Find the line containing "Fotografia Beautiful tropical" in the entries below. Restate it and each line after it, word for word, up to and including the line containing "Image of early".

[Dataset records]
[Start of section]

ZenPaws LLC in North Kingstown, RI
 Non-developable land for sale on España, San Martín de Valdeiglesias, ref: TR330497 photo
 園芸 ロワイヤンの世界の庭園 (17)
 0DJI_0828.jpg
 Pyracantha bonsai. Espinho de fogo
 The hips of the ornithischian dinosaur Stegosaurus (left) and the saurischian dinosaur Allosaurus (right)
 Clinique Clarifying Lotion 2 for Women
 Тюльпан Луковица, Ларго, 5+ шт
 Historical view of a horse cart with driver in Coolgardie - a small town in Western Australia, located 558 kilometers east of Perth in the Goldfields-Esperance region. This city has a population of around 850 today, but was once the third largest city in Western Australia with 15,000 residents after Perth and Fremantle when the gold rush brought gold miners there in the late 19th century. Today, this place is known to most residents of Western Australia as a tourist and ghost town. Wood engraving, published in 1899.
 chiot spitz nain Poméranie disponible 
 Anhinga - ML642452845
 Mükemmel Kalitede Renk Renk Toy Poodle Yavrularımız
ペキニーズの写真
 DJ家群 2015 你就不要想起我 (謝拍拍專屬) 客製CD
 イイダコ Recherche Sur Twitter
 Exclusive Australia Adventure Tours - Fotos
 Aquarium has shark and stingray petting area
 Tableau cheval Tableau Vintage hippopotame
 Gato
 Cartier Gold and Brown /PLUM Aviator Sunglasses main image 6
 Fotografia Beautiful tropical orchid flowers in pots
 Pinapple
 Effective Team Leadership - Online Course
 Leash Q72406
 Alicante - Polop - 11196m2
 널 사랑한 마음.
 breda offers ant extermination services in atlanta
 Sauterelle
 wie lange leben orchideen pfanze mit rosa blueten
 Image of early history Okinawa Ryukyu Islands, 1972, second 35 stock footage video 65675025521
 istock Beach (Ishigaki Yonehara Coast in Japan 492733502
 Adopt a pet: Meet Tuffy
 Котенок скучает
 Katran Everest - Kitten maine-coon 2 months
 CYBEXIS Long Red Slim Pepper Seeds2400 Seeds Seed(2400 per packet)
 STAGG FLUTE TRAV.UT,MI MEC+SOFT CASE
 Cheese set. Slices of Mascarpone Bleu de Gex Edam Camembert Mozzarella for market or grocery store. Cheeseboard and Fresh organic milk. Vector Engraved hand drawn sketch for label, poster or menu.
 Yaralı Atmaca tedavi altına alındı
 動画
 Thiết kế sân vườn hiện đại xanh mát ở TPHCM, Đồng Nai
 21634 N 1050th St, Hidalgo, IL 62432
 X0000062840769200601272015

[End of section]

### Response to the exercise
 Fotografia Beautiful tropical orchid flowers in pots
 Pinapple
 Effective Team Leadership - Online Course
 Leash Q72406
 Alicante - Polop - 11196m2
 널 사랑한 마음.
 breda offers ant extermination services in atlanta
 Sauterelle
 wie lange leben orchideen pfanze mit rosa blueten
 Image of early history Okinawa Ryukyu Islands, 1972, second 35 stock footage video 65675025521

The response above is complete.